• WORK REQUIRED: Using the data below, return word for word every line from the one holding "How to troll" down to the one holding "When you compare". Leave pictures out.

(Items from a dataset)
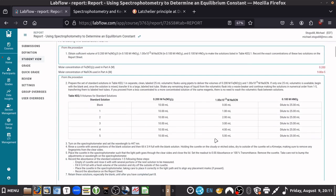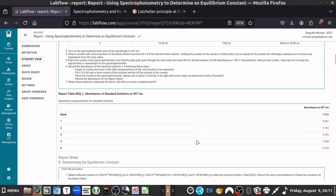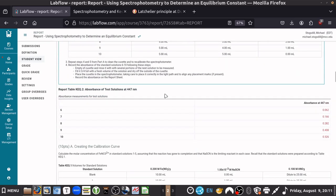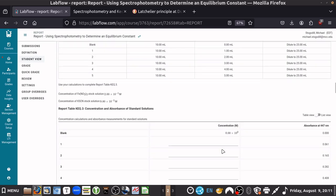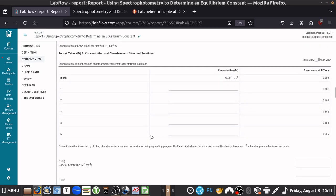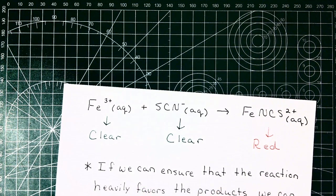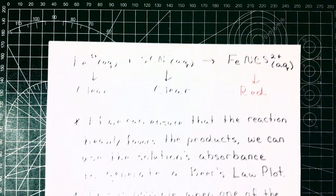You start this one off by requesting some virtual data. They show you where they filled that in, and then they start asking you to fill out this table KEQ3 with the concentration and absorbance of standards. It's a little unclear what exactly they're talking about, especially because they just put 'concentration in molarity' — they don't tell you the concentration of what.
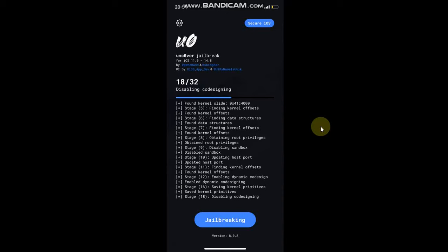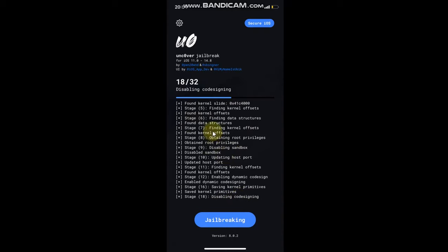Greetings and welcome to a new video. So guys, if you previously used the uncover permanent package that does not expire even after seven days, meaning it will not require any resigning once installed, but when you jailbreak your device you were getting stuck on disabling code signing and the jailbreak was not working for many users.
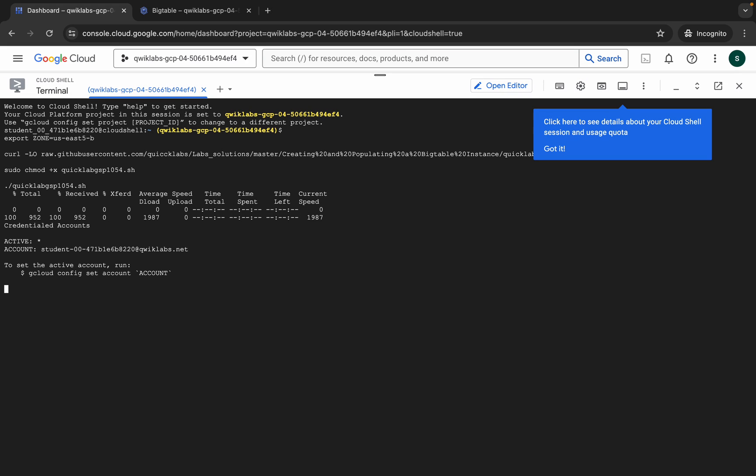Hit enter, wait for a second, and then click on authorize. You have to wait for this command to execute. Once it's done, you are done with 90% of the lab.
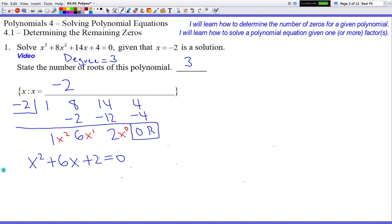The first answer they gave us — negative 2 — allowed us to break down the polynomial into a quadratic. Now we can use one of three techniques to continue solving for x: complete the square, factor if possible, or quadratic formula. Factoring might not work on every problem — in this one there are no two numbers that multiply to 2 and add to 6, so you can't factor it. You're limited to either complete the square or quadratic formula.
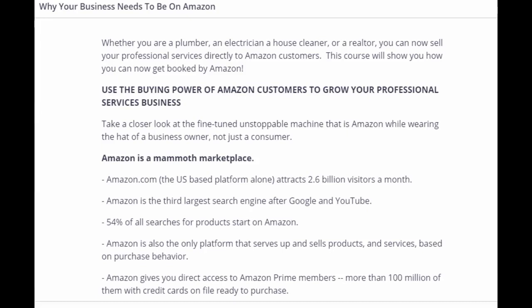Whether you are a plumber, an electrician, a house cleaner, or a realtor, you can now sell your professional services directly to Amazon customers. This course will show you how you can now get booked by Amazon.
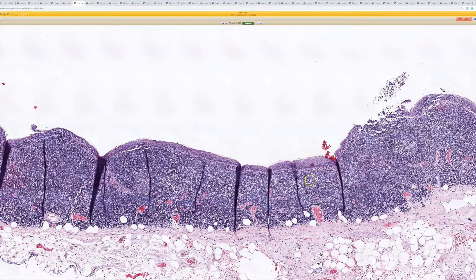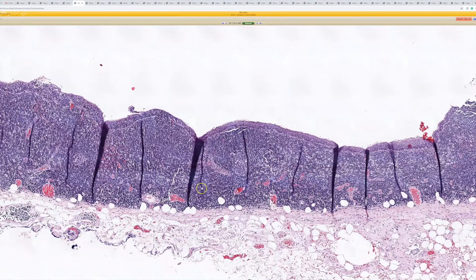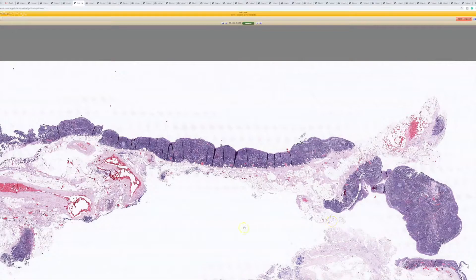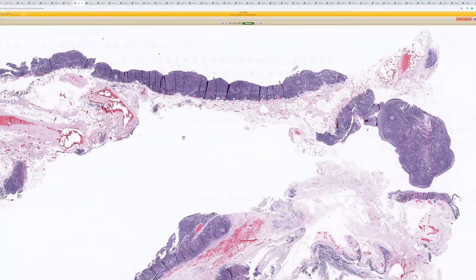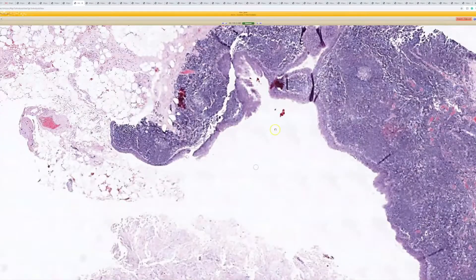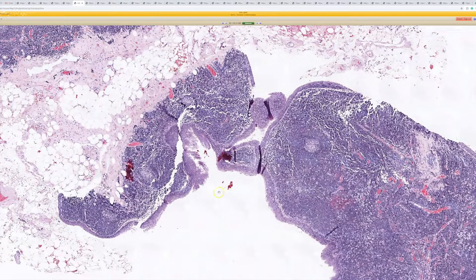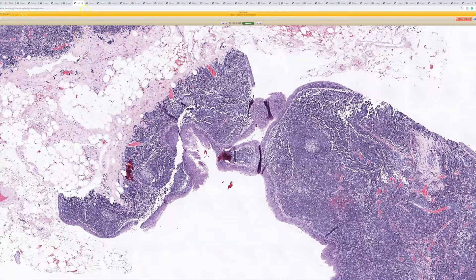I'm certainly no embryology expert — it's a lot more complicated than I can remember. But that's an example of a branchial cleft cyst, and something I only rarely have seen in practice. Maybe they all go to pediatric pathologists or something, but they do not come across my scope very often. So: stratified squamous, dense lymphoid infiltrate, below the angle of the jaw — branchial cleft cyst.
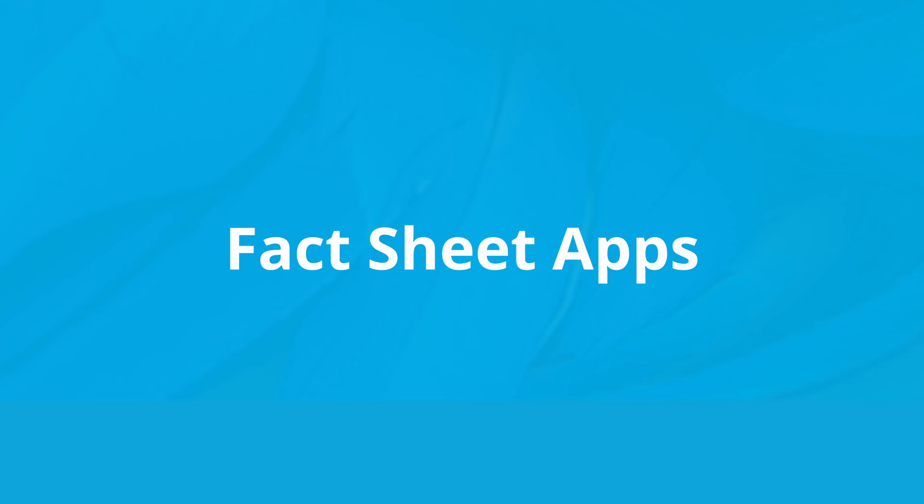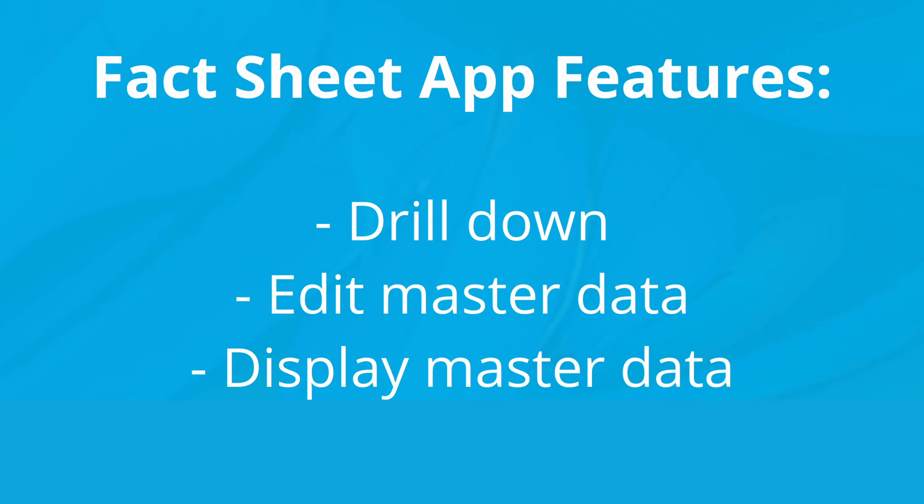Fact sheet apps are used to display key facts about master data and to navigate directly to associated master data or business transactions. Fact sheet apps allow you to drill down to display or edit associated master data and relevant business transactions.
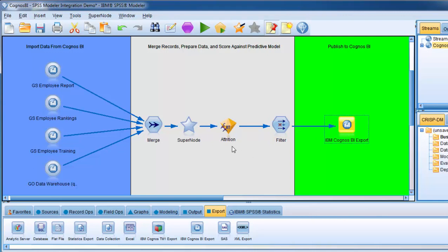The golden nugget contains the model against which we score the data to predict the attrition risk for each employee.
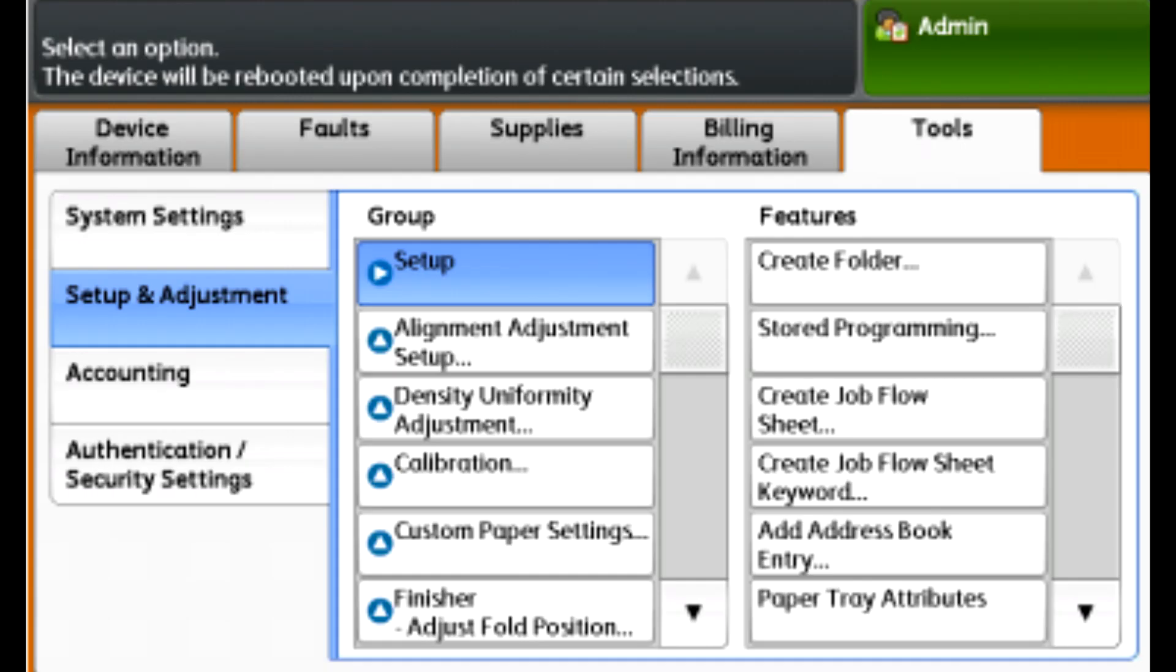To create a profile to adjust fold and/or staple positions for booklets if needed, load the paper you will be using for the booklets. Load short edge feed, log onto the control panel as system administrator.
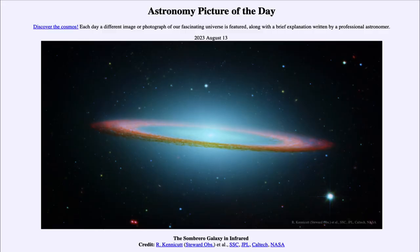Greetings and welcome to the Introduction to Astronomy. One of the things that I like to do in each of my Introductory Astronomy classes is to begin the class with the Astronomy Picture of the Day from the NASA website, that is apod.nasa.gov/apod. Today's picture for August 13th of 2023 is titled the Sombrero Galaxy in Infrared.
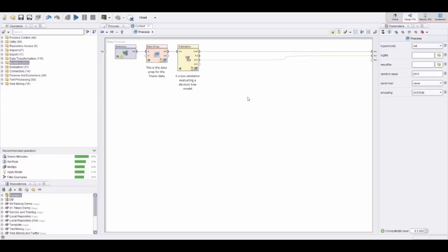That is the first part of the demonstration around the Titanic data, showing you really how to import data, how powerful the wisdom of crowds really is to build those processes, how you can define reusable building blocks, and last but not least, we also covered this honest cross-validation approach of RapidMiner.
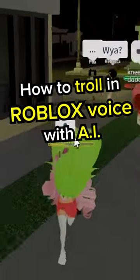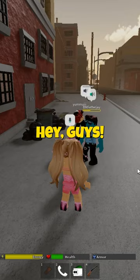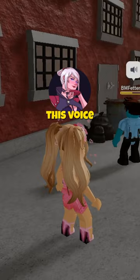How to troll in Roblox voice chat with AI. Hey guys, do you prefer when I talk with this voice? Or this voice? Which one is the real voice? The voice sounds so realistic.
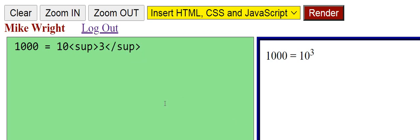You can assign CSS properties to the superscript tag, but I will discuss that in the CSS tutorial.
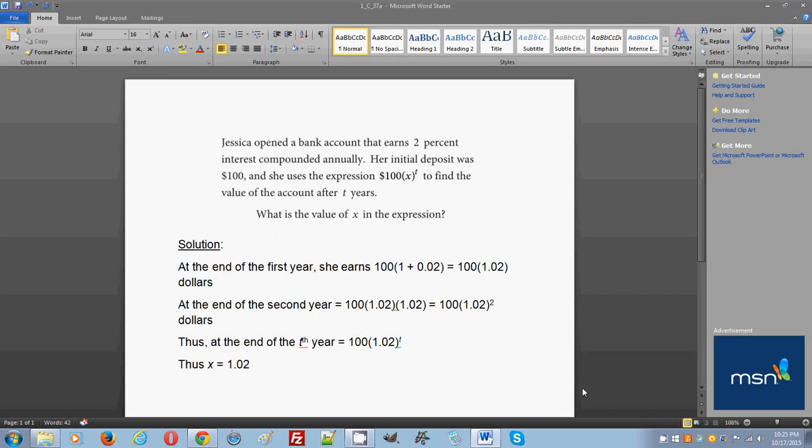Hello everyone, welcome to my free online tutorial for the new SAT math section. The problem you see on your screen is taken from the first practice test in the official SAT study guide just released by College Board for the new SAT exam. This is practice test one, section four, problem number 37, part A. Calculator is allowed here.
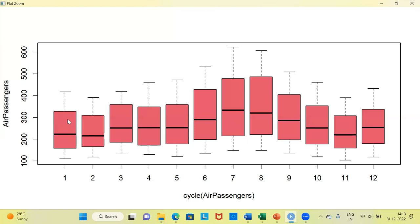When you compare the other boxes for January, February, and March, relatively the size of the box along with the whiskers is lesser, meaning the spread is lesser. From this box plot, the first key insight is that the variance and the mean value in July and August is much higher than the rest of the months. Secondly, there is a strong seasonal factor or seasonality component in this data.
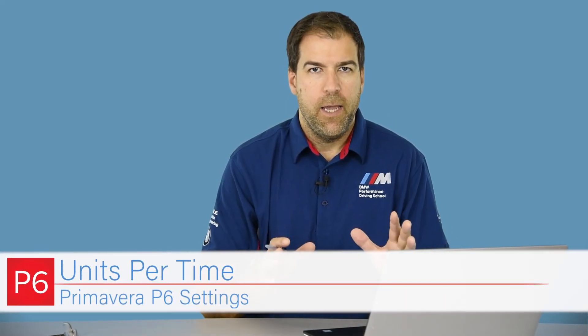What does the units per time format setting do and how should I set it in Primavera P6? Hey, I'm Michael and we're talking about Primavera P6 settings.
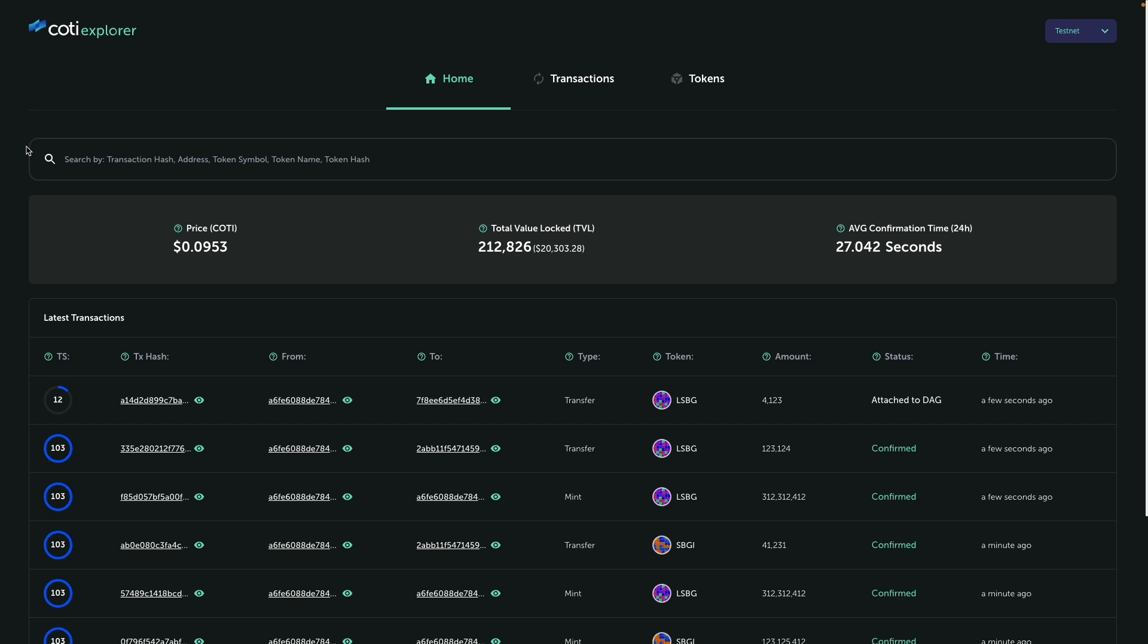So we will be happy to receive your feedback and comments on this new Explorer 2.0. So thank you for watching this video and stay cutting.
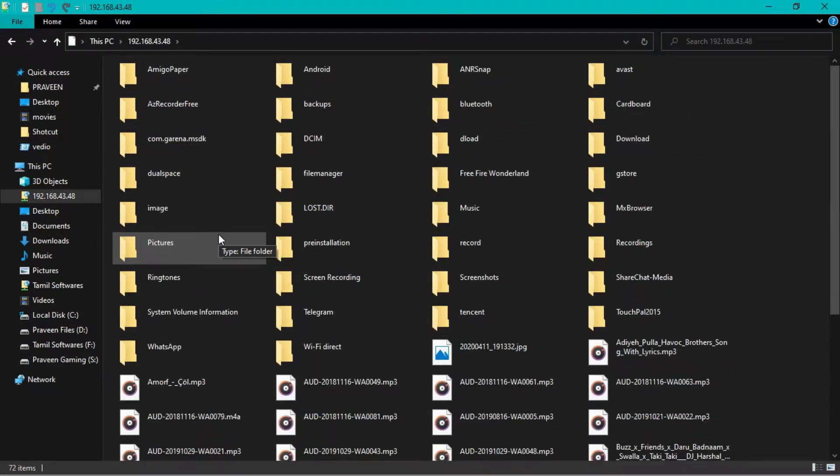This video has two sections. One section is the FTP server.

• FINISHED EXERCISE:
How to troll in Roblox voice chat with AI. Hey guys, do you prefer when I talk with this voice? Or this voice? Which one is the real voice? The voice sounds so realistic.
You can assign CSS properties to the superscript tag, but I will discuss that in the CSS tutorial.
Hello everyone, welcome to my free online tutorial for the new SAT math section. The problem you see on your screen is taken from the first practice test in the official SAT study guide just released by College Board for the new SAT exam. This is practice test one, section four, problem number 37, part A. Calculator is allowed here.
When you compare the other boxes for January, February, and March, relatively the size of the box along with the whiskers is lesser, meaning the spread is lesser. From this box plot, the first key insight is that the variance and the mean value in July and August is much higher than the rest of the months. Secondly, there is a strong seasonal factor or seasonality component in this data.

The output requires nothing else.